There are several docs out there that describe the CLR memory, most notably this article.
When describing the model, one can either use acquire/release, barrier/fence, or happens-before terminology. They all acheive the same goal, so I will simply choose one, acquire/release: an acquire operation means no loads or stores may move before it, and a release operation means no loads or stores may move after it. I can explain it with such simple terms because the CLR is homogeneous in the kinds of operations it permits or disallows to cross such a barrier, e.g. there’s never a case where loads may cross such a chasm but stores may not.
Despite the great article referenced above, I find that it’s still not entirely straightforward. It is important to code to a well-understood abstract model when writing lock-free code. For reference, here are the rules as I have come to understand them stated as simply as I can:
Rule 1: Data dependence among loads and stores is never violated.
Rule 2: All stores have release semantics, i.e. no load or store may move after one.
Rule 3: All volatile loads are acquire, i.e. no load or store may move before one.
Rule 4: No loads and stores may ever cross a full-barrier (e.g. Thread.MemoryBarrier, lock acquire, Interlocked.Exchange, Interlocked.CompareExchange, etc.).
Rule 5: Loads and stores to the heap may never be introduced.
Rule 6: Loads and stores may only be deleted when coalescing adjacent loads and stores from/to the same location.
Note that by this definition, non-volatile loads are not required to have any sort of barrier associated with them. So loads may be freely reordered, and writes may move after them (though not before, due to Rule 2). With this model, the only true case where you’d truly need the strength of a full-barrier provided by Rule 4 is to prevent reordering in the case where a store is followed by a volatile load. Without the barrier, the instructions may reorder.

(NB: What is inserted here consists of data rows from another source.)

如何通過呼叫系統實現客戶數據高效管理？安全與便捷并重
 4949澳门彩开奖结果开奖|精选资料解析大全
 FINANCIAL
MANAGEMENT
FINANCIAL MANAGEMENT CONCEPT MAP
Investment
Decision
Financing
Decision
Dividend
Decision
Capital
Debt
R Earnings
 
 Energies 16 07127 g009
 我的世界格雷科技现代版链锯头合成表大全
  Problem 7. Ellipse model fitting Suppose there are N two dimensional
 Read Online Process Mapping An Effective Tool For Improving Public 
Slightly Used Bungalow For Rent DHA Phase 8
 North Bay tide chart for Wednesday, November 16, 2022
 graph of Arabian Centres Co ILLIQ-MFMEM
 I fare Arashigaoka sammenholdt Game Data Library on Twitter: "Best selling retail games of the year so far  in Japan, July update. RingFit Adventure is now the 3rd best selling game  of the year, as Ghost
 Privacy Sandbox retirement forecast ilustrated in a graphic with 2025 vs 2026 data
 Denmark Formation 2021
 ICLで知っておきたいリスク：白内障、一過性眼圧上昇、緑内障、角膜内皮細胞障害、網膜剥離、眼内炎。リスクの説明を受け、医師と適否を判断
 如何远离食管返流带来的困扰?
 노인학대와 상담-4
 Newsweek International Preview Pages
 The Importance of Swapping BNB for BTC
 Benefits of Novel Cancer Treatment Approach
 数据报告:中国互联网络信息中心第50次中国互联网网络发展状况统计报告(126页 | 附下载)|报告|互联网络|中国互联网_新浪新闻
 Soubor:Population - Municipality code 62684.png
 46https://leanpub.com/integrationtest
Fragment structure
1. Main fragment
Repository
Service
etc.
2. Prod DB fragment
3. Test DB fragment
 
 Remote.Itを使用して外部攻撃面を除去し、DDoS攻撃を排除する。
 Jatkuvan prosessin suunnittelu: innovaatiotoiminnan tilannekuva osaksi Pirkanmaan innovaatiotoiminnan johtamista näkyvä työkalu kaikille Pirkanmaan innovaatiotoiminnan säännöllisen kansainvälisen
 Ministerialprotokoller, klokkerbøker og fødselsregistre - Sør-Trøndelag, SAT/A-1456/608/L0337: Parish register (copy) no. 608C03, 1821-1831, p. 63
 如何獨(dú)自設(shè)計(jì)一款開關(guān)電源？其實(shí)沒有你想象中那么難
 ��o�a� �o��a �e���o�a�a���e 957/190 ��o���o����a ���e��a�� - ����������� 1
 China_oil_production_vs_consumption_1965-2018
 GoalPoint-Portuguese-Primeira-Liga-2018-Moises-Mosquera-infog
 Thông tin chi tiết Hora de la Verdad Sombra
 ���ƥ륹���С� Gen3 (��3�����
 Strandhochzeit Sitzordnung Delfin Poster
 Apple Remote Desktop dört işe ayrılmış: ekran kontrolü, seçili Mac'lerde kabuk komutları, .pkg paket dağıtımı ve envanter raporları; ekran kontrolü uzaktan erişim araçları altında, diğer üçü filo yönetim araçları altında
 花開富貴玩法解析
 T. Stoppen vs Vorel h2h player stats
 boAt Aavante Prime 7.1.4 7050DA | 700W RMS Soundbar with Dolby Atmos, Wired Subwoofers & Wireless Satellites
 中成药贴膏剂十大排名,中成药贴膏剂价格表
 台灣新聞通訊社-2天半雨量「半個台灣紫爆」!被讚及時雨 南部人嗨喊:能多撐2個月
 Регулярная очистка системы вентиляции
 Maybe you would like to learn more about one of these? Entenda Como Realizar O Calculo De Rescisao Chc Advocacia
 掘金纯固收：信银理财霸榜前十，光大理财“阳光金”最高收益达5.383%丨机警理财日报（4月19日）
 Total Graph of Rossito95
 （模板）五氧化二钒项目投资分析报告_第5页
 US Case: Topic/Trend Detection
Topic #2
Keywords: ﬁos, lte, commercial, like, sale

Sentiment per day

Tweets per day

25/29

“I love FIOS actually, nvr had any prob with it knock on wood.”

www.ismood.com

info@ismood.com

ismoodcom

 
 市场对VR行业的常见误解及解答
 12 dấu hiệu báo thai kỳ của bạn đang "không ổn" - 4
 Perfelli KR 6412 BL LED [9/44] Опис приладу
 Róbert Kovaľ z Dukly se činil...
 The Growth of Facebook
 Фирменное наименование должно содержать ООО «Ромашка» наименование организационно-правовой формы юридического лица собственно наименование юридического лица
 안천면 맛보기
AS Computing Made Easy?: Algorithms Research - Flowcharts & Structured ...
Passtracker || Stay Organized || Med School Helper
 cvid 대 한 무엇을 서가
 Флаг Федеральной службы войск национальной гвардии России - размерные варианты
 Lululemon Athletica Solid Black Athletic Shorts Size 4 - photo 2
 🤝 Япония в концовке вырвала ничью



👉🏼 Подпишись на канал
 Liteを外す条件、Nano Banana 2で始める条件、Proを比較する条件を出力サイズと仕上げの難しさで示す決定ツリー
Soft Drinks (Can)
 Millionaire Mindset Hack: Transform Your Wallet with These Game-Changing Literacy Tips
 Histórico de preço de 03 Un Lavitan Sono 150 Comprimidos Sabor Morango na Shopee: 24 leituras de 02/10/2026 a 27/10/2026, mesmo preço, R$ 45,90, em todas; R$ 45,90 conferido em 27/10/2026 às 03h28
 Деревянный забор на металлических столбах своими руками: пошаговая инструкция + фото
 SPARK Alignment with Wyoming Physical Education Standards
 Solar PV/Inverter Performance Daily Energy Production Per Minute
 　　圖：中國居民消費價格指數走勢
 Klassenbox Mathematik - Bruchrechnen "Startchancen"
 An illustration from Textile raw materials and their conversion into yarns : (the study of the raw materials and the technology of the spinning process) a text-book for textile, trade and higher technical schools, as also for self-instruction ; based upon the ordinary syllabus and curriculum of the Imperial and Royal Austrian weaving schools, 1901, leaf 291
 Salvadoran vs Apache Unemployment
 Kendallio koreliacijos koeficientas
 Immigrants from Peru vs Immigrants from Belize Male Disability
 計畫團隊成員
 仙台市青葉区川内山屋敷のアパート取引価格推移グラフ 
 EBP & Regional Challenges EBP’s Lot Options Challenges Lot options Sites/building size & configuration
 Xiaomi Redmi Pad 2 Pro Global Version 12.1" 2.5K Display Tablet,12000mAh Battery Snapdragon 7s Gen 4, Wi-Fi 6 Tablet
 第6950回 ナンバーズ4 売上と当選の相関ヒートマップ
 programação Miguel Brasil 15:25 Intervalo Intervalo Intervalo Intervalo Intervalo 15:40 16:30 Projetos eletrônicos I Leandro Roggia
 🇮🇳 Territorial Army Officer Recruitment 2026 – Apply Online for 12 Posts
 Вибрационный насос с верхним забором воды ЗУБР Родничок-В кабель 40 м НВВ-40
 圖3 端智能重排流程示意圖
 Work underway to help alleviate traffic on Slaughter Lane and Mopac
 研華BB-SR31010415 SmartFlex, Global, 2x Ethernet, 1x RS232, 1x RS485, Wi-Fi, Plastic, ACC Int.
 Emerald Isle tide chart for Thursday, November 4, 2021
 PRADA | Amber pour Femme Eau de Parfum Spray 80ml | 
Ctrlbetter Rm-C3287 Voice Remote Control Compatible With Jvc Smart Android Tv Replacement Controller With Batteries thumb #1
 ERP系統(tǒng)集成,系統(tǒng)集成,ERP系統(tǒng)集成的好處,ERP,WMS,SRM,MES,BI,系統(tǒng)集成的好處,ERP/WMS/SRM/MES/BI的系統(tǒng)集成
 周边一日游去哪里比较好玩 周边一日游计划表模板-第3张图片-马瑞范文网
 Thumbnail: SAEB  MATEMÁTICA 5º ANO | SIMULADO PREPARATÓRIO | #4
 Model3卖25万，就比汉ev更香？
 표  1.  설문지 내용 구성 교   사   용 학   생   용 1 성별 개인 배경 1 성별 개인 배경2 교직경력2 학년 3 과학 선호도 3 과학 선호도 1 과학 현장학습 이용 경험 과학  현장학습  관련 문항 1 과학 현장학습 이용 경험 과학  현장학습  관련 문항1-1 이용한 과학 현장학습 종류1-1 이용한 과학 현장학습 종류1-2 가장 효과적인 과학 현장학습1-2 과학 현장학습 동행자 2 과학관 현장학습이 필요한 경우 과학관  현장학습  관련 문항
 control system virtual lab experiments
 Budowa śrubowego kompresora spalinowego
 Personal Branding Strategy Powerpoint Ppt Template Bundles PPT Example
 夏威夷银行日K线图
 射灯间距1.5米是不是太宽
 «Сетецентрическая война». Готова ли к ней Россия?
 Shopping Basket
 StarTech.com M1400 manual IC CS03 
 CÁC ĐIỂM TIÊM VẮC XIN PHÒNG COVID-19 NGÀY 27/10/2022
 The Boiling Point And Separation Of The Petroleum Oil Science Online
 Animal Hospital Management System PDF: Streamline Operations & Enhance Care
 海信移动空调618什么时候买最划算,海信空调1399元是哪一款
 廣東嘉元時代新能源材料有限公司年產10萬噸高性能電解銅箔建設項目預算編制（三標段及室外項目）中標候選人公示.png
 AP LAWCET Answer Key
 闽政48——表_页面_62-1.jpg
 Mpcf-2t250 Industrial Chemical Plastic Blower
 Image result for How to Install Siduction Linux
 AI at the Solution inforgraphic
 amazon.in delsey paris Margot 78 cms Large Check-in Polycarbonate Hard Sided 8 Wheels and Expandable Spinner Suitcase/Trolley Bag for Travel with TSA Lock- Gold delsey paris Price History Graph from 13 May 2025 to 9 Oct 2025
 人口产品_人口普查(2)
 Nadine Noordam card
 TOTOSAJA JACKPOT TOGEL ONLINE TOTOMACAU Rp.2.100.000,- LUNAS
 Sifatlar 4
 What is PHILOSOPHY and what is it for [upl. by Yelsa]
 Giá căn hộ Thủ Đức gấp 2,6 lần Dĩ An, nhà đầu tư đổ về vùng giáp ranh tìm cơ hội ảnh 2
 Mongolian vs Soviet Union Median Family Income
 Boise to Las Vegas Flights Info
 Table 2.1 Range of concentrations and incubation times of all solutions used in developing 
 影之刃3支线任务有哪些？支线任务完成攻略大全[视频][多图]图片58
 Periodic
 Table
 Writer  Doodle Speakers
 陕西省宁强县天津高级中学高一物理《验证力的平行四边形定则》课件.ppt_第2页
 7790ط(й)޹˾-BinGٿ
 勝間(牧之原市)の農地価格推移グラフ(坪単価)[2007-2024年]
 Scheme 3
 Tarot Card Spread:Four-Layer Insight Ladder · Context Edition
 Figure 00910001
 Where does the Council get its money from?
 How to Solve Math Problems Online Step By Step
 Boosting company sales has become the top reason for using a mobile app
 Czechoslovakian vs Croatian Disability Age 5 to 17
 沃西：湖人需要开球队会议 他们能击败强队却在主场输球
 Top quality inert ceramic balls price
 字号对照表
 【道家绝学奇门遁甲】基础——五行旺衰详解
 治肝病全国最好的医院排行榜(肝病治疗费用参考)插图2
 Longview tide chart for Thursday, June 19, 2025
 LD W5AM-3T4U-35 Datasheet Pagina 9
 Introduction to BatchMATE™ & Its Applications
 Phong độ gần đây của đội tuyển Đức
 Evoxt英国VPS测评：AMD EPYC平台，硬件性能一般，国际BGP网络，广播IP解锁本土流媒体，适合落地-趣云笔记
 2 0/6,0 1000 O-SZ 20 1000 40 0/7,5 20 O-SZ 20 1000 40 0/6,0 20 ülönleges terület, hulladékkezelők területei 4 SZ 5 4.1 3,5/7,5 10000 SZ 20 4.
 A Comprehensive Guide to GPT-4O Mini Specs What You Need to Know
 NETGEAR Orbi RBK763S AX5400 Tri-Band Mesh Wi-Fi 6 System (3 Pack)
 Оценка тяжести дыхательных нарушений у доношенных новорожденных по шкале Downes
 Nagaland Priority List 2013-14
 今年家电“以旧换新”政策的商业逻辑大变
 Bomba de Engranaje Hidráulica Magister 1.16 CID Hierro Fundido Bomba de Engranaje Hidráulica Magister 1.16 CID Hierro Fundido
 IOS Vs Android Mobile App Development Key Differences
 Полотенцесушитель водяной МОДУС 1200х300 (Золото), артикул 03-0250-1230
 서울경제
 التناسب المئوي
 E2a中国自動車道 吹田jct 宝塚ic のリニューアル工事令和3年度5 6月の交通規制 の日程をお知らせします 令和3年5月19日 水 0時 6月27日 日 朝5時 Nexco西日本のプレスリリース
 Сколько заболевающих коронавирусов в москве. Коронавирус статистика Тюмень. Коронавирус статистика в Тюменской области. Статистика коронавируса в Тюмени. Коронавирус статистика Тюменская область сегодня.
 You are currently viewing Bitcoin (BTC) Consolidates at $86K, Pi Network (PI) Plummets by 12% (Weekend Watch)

It is unfortunate that we’ve never gone to the level of detail and thoroughness the Java memory model folks have gone to. We have constructed our model over years of informal work and design-by-example, but something about the JMM approach is far more attractive. Lastly, what I’ve described applies to the implemented memory model, and not to what was specified in ECMA. So this is apt to change from one implementation to the next. I have no idea what Mono implements, for example.